■ **WHAT IS NEEDED**
Please, from the entries below, transcribe exactly the lines that begin at the line with "THEFREED【8階】の間取り" and end at the line with "Exterior details and", without the pictures.

■ **PROVIDED ENTRIES**
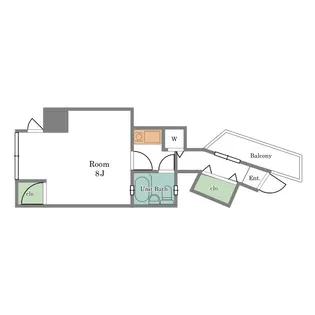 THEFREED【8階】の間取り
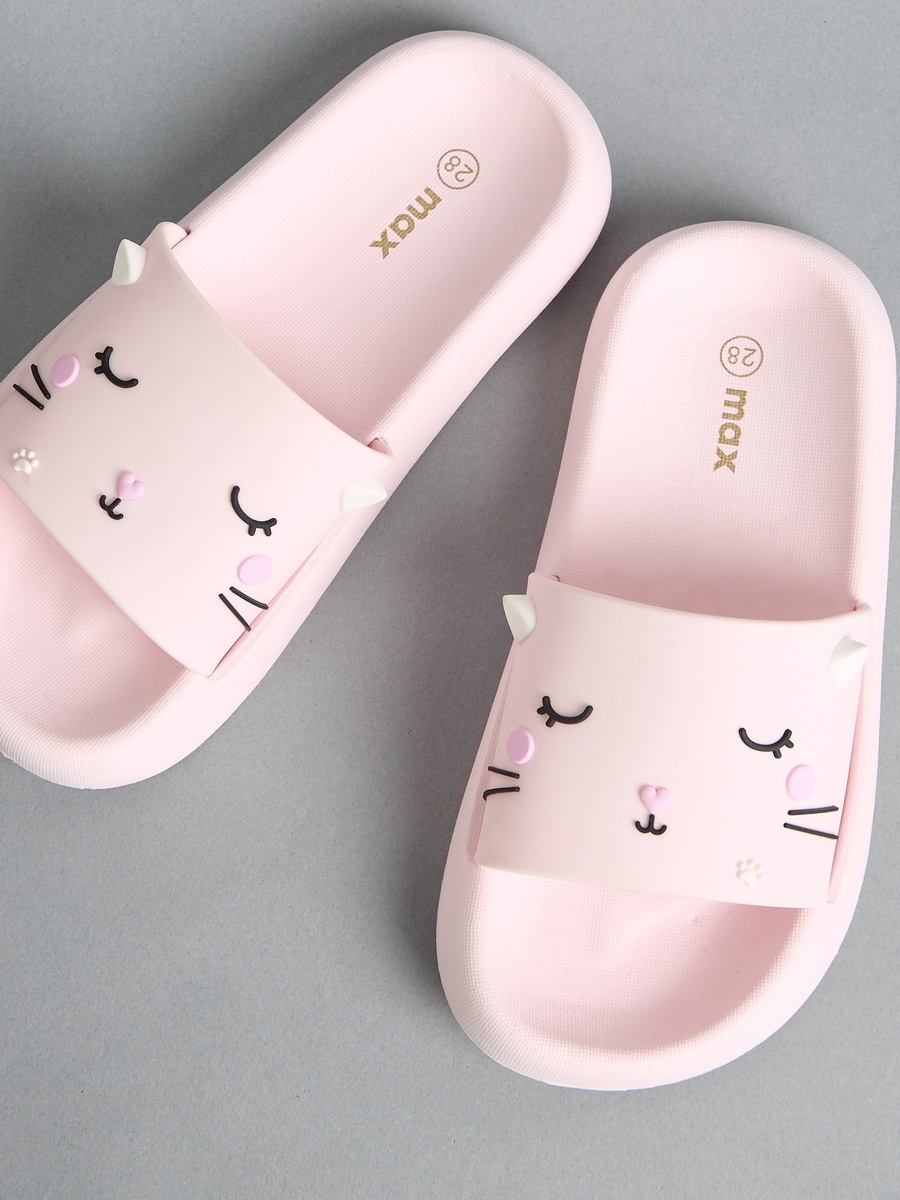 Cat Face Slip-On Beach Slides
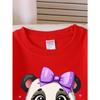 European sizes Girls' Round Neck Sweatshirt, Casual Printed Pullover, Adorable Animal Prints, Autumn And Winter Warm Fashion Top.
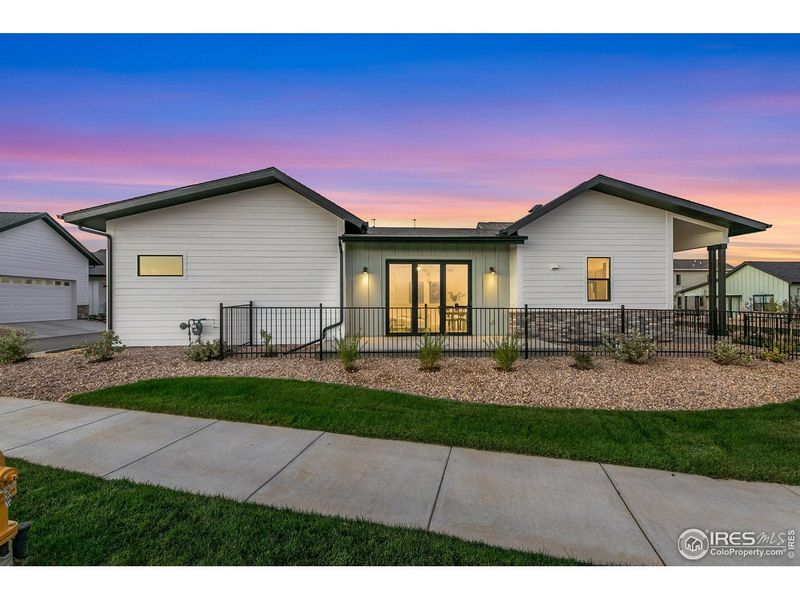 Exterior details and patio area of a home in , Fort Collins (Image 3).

--

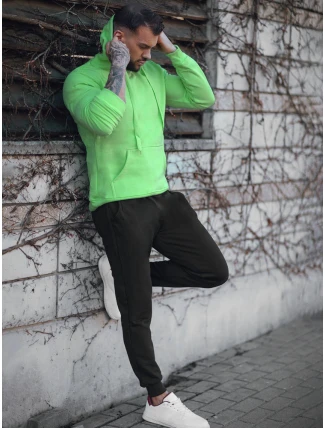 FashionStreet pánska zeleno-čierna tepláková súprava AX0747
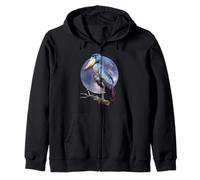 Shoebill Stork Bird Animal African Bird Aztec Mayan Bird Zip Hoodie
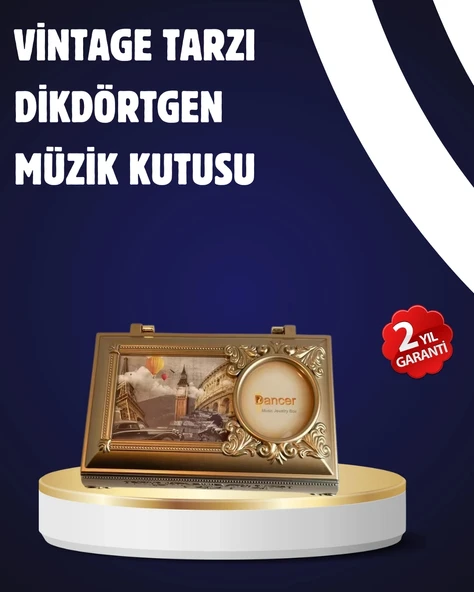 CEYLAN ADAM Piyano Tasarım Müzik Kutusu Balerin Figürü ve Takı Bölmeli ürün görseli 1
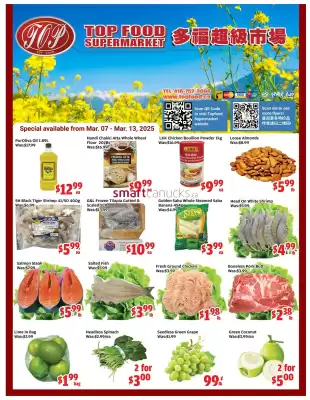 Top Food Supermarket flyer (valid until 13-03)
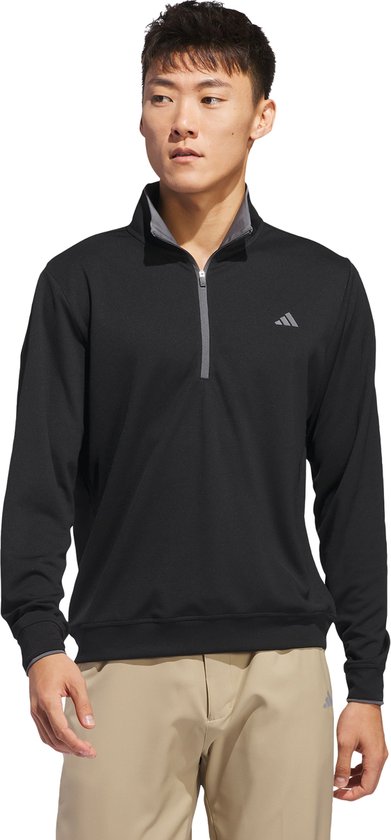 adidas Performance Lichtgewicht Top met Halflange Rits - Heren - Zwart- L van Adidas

■ **ANSWER BELOW**
 THEFREED【8階】の間取り
 Cat Face Slip-On Beach Slides
 European sizes Girls' Round Neck Sweatshirt, Casual Printed Pullover, Adorable Animal Prints, Autumn And Winter Warm Fashion Top.
 Exterior details and patio area of a home in , Fort Collins (Image 3).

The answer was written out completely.